Astronomers discovered Exiled asteroid in outer reaches of solar system

ESO telescopes find first confirmed carbon-rich asteroid in Kuiper Belt.

Using ESO telescope, astronomers discovered an unusual Kuiper Belt Object 2004 EW95 is a carbon-rich asteroid while investigating a relic of the primordial Solar System. The asteroid is the first of its kind to be confirmed in the cold outer reaches of the Solar System.

The discovery suggests that the Kuiper Belt — a cold region beyond the orbit of Neptune — should contain a small fraction of rocky bodies from the inner Solar System, such as carbon-rich asteroids, referred to as carbonaceous asteroids. It also provides strong support for these theoretical models of our Solar System’s troubled youth.

PR Image eso1814b Orbital exile
An international team of astronomers has used ESO telescopes to investigate a relic of the primordial Solar System. The team found that the unusual Kuiper Belt Object 2004 EW95 is a carbon-rich asteroid, the first of its kind to be confirmed in the cold outer reaches of the Solar System. The red line in this image shows the orbit of 2004 EW95, with the orbits of other Solar System bodies shown in green for comparison.

After painstaking measurements from multiple instruments at ESO’s Very Large Telescope (VLT), a small team of astronomers led by Tom Seccull of Queen’s University Belfast in the UK was able to measure the composition of the anomalous Kuiper Belt Object 2004 EW95, and thus determine that it is a carbonaceous asteroid. This suggests that it originally formed in the inner Solar System and must have since migrated outwards.

The team observed 2004 EW95 with the X-Shooter and FORS2 instruments on the VLT. The sensitivity of these spectrographs allowed the team to obtain more detailed measurements of the pattern of light reflected from the asteroid and thus infer its composition.

However, even with the impressive light-collecting power of the VLT, 2004 EW95 was still difficult to observe. Though the object is 300 kilometers across, it is currently a colossal four billion kilometers from Earth, making gathering data from its dark, carbon-rich surface a demanding scientific challenge.

Co-author Thomas Puzia from the Pontificia Universidad Católica de Chile said, “It’s like observing a giant mountain of coal against the pitch-black canvas of the night sky. Not only is 2004 EW95 moving, it’s also very faint. We had to use a pretty advanced data processing technique to get as much out of the data as possible.”

Two features of the object’s spectra were particularly eye-catching and corresponded to the presence of ferric oxides and phyllosilicates.
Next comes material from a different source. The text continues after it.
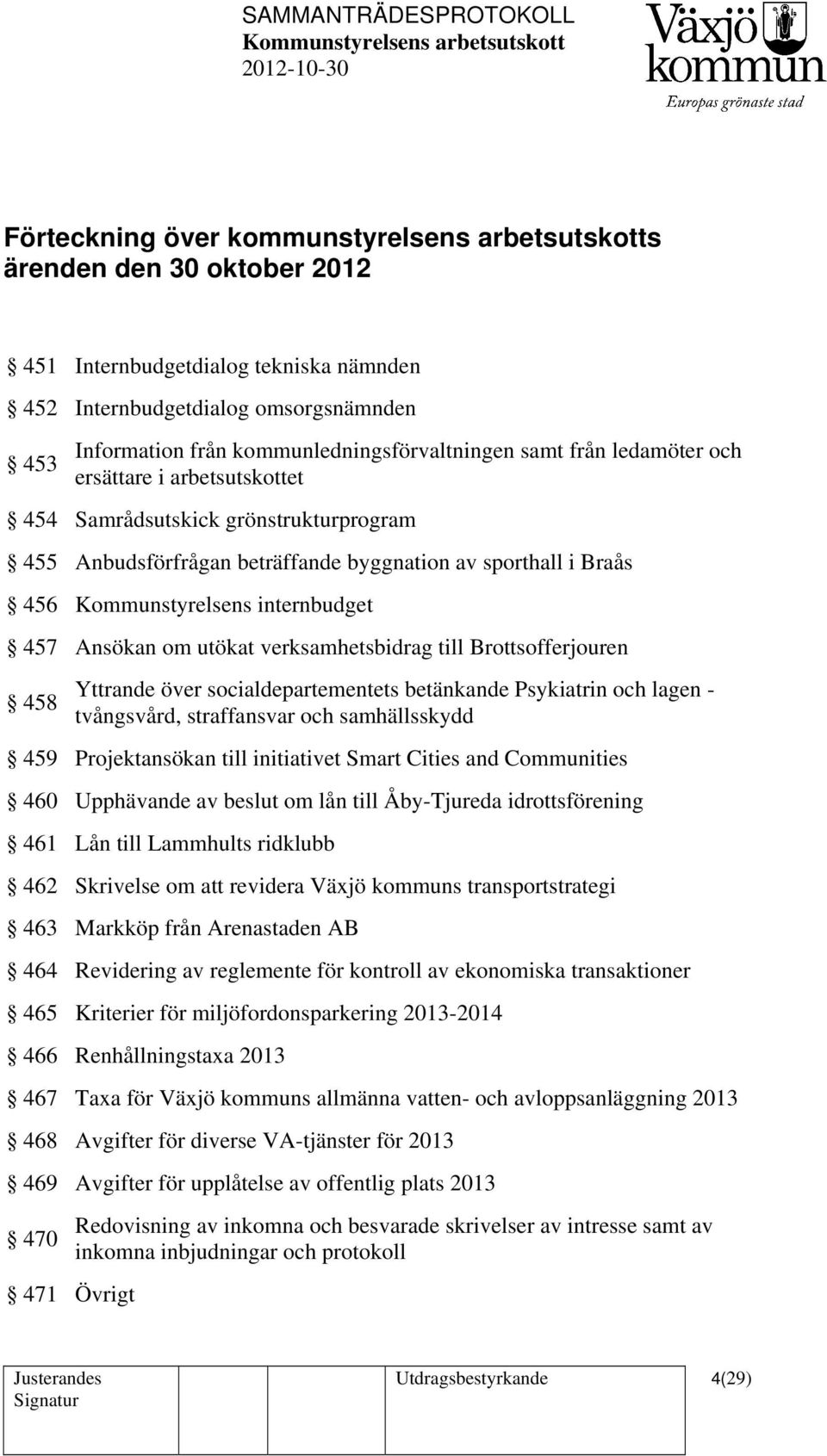 Kommunstyrelsens internbudget 457 Ansökan om utökat verksamhetsbidrag till Brottsofferjouren 458 Yttrande över socialdepartementets betänkande Psykiatrin och lagen - tvångsvård, straffansvar och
The presence of these materials had never before been confirmed in a KBO, and they strongly suggest that 2004 EW95 formed in the inner Solar System.

Seccull concludes: “Given 2004 EW95’s present-day abode in the icy outer reaches of the Solar System, this implies that it has been flung out into its present orbit by a migratory planet in the early days of the Solar System.”

“While there have been previous reports of other ‘atypical’ Kuiper Belt Object spectra, none were confirmed to this level of quality,” comments Olivier Hainaut, an ESO astronomer who was not part of the team. “The discovery of a carbonaceous asteroid in the Kuiper Belt is a key verification of one of the fundamental predictions of dynamical models of the early Solar System.”